對王國維的死因,其親屬自始至終諱莫如深。而後世臆測大致又分以下幾種:
一為「殉清」說。
中華民國成立以後,王國維始終不肯剪去辮子,不僅自稱「亡國之民」,而且其著作及書信對清室始終以「我朝」、「本朝」、「國朝」、「大清」相稱,無一例外。可見,他始終以清朝遺老自居,其忠於亡清的態度極為堅定。
1917年,王國維曾經熱切期盼張勳等復闢成功,並為清朝的復闢做過詳細的謀劃。此後,他又在其《庫書樓記》裡明確表達了「山川重秀,天地再清」的期望。1924年,王國維在其《籌建皇室博物館奏摺》和《敬陳管見折》裡,又分別要溥儀「益崇聖德,務廣聖學……以俟天心」,再次流露出對溥儀「得國」,成為「中國將來之共主」的希冀。

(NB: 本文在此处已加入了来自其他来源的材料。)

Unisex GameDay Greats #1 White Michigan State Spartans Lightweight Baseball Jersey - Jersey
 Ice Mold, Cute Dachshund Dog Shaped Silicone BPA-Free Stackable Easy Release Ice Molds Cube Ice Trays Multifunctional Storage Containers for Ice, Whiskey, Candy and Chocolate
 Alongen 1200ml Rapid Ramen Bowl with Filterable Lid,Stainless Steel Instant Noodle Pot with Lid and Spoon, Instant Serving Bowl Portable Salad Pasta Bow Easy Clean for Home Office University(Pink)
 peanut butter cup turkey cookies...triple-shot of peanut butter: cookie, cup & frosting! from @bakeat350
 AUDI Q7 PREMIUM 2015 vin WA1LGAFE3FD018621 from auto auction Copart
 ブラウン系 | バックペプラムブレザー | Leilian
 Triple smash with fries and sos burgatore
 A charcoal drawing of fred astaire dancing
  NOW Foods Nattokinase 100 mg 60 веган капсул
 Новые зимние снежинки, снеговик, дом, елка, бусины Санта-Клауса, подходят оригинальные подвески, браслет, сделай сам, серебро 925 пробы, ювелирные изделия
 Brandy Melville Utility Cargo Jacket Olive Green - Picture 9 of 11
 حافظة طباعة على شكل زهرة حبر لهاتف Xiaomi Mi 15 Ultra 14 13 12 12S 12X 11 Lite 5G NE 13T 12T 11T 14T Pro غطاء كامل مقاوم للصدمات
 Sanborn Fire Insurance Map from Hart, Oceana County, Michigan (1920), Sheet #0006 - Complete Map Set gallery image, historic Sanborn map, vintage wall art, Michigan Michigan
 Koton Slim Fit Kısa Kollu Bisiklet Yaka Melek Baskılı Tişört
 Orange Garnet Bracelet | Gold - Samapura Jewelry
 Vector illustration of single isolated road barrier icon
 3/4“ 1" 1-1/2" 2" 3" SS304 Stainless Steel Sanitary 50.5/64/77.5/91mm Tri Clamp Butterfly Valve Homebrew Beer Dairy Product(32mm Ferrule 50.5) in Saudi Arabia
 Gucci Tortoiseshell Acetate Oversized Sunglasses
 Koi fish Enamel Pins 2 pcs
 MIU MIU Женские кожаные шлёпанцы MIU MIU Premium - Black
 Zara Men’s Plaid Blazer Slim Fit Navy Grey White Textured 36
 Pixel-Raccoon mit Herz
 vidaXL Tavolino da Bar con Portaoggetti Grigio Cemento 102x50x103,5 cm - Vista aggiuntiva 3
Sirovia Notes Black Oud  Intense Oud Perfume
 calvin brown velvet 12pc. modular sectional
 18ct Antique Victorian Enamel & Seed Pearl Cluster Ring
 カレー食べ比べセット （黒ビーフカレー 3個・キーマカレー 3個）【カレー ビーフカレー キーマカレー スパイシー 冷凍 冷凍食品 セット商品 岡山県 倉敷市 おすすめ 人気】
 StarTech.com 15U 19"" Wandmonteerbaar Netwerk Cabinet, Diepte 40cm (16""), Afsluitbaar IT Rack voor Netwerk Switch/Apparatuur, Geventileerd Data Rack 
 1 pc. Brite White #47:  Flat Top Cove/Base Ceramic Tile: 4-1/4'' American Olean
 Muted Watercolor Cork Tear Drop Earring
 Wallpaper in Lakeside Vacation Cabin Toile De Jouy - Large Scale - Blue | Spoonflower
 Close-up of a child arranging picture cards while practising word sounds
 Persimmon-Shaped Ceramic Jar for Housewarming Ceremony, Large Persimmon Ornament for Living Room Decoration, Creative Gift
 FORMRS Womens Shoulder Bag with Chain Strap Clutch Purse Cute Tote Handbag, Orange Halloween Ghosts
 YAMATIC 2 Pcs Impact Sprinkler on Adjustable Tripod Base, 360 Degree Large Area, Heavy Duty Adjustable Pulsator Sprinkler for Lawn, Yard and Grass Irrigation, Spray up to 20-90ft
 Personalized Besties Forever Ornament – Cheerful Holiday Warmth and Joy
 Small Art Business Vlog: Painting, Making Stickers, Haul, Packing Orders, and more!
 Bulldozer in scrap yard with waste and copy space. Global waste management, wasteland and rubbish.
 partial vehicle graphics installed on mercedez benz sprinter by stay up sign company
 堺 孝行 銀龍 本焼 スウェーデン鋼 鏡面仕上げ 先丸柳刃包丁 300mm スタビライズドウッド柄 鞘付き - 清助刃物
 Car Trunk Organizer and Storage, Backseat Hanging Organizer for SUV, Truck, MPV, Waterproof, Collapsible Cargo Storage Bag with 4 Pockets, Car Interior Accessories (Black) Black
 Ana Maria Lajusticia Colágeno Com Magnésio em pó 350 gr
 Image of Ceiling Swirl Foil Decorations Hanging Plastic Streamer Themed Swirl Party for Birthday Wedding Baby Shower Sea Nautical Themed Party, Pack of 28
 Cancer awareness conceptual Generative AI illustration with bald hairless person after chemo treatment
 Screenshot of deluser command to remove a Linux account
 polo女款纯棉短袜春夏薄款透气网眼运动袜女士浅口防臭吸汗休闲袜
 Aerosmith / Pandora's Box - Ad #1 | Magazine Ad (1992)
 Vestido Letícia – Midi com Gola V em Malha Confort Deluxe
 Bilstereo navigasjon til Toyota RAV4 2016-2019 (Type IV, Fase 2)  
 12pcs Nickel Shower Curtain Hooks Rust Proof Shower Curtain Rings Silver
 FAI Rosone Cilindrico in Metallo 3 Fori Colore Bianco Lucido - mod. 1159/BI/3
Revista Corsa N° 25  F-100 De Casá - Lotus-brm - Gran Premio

清朝被推翻時,王國維曾感嘆「漢土由來貴忠節,而今文謝安在哉」。其中的「文謝」指文天祥、謝枋得。後者於抗元失敗後拒不出仕,絕食而死。張勳復闢事件失敗時,王國維曾認為參與張勳復闢事件的康有為、沈曾植等「北行諸老」恐「只有以一死謝國」,「如再覥然南歸,真所謂不值一文錢矣」。既然如此,王國維自己身為人臣,便必然守忠貞之節,如果需要,自然「以一死謝國」。而在王國維自殺以前,也曾經不止一次地流露過「殉清」的念頭,例如,他在1924年「甲子之變」時曾「援君辱臣死之義,欲自沉神武門者再」。在1925年8月,他又曾說到「事到艱危誓致身」。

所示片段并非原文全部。